KABUPATEN Sidenreng Rappang di kawasan Sulawesi Selatan terkenal
sebagai gudang beras. Beras hasil Sidenreng kalau dimasak jadi
nasi, pulen dan enak. Berjalan menuju ke desa Amparita di
Kabupaten Sidenreng Rappang, akan tampak sebuah bukit yang
berbentuk aneh.
Bentuknya bulat kerucut bagai hasil buatan tangan manusia. Makin
ke atas semakin kecil bulatannya. Tiba di puncak, runcingan itu
bagaikan berhenti untuk kemudian membentuk sebidang tanah datar.
Di situ, terdapat sejumlah rumah model Bugis ukuran mini. Dan
jadilah rumah Bugis itu tempat untuk bernazar dan melepas kaul
bagi orang-orang kawasan Sulawesi Selatan. Mungkin pula, ada
orang yang berasal dari Jawa dan pulau lain.
Dulu malah, pernah dikabarkan ada seekor ular yang dianggap
keramat dan jadi sembahan orang yang datang ke situ. Tempat
semacam gunung Kawi di Jawa Timur ini, "bukanlah tempat kami
yang menganut agama Islam," ujar seorang penduduk asli Sidenreng
Rappang. Biarpun begitu, puluhan tahun sudah, orang tetap saja
mengalir ke sana dengan berbagai niat dan harapannya. "Bukit itu
bukan bukit alam. Tapi asal muasalnya dari onggokan padi," ujar
Wak Ile yang jadi penghulu Desa Amparita, Kecamtan Tellu
Limpol: di kawasan Kabupaten Sidenreng Rappang.
Bagaimana kisah bukit jadi-jadian itu, begini - yang mungkin
saja betul mungkin pula ceritera jadi-jadian. Beberapa abad yang
lalu, ada seorang raja yang memerintah daerah Sidenreng Rappang.
Raja yang arif bijaksana ini bernama Arung Loa. Saingan
Sidenreng Rappang adalah Kerajaan Wajo, yang juga terkenal akan
sawahnya yang subur. Dalam soal persaingan itu, kedua daerah
berlomba untuk siapa yang paling banyak bisa menghasilkan padi.

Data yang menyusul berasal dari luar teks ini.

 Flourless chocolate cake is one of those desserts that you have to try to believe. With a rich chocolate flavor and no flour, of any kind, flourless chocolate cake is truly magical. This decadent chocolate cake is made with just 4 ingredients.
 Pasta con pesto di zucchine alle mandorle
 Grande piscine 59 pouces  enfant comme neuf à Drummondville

Arung Loa memerintahkan rakyatnya agar setiap orang menyumbang
seikat padi. Kumpulan padi itu diletakkan di sawah yang bernama
La Sipea. Ternyata onggokan itu tidak begitu besar. Arung Loa
menyuruh lagi rakyatnya untuk menyerahkan padi. Kali ini
ditumpuknya di lereng-lereng bukit. Bisa dibayangkan berapa
banyak padi yang harus dikuras dari lumbung masing-masing
penduduk. Lumbung di alam terbuka itu hampir jadi, dan rakyat
tinggal menyempurnakan bentuk kerucut di atas onggokan. Karena
tidak juga cukup padl yang ada untuk menyempurnakan kerucut itu,
Arung Loa kemudian berkata: "Ya, sudahlah. Biarlah begitu saja."

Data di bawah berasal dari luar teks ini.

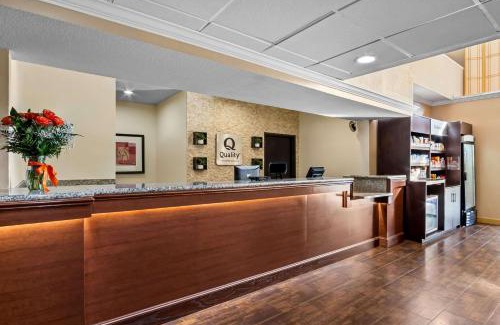 Las Colinas Hotel | Quality Suites Irving-Las Colinas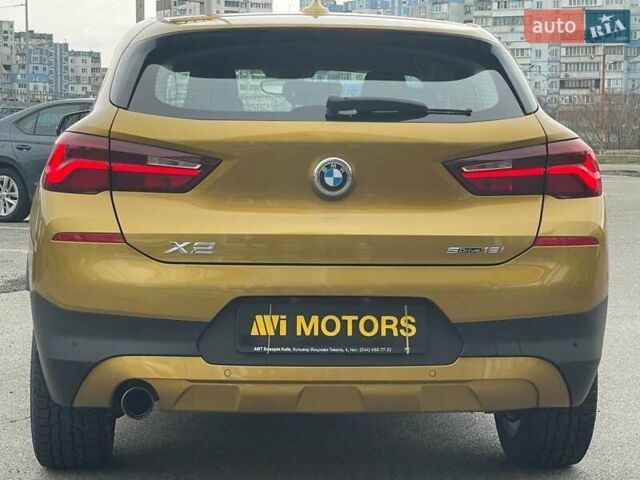 Желтый БМВ X2, объемом двигателя 1.5 л и пробегом 35 тыс. км за 29900 $, фото 18 на Automoto.ua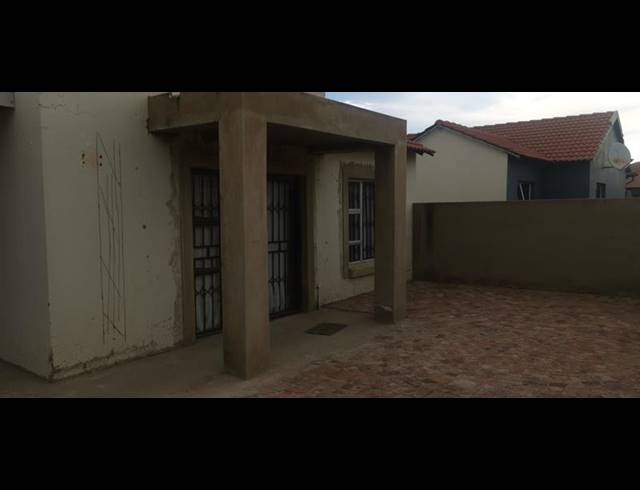 2 BEDROOM HOUSE FOR SALE IN SHARON PARK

Dan tibalah saatnya dewan juri menilai, kawasan mana yang bisa
dijadikan raja padi. Melihat tumpukan besar tinggi seperti bukit
sungguhan, dewan juri kontan menunjuk Sidenreng Rappang sebagai
pemenang. Mereka tidak memeriksa lagi bahwa di balik tumpukan
padi itu memang terdapat sebuah bukit. Ketika Arung Loa
meninggal, rakyatnya kemudian mengebumikan rajanya di puncak
bukit tersebut. Sejak itu, bukit itu kemudian disebut Bulu Loa
atau Gunung Loa.
To Lotang
Legenda itu sudah hampir lenyap dari ingatan masyarakat sana,
sekarang ini. Tapi tidak berarti daya tarik gunung Loa itu sirna
sama sekali. Ia malahan jadi daya tarik bagi sekian banyak
pengunjung kawasan sekitarnya. Dan kuburan raja di atas, sudah
jadi tempat bernazar. Dengan permintaan macam-macam. Bagi mereka
yang ingin usahanya sukses, berjanji akan memotong kambing atau
kerbau. Orang mandul, orang sakit, perawan tua, banyak yang
bernazar ke sana. Konon, banyak harapan mereka terkabul. Dan
dibantailah kambing atau kerbau sekalian pesta pora dengan
handai taulan di puncak Bulu Loa. Kalau nazar mereka untuk
memiliki rumah besar dengan perabot kayu kelas satu terkabul,
dibuatlah sebuah rumah mini bagaikan maket rumah, lalu
ditempatkan di atas gunung Loa.
Ramainya orang bernazar ini pernah mengundang kemarahan kalangan
agama setempat. Tapi akhirnya dingin sendiri. Kini sikap
pemerintah daerah berlagak tidak tahu saja asal mistik itu tidak
diusik menjadi hal-hal yang tidak diinginkan.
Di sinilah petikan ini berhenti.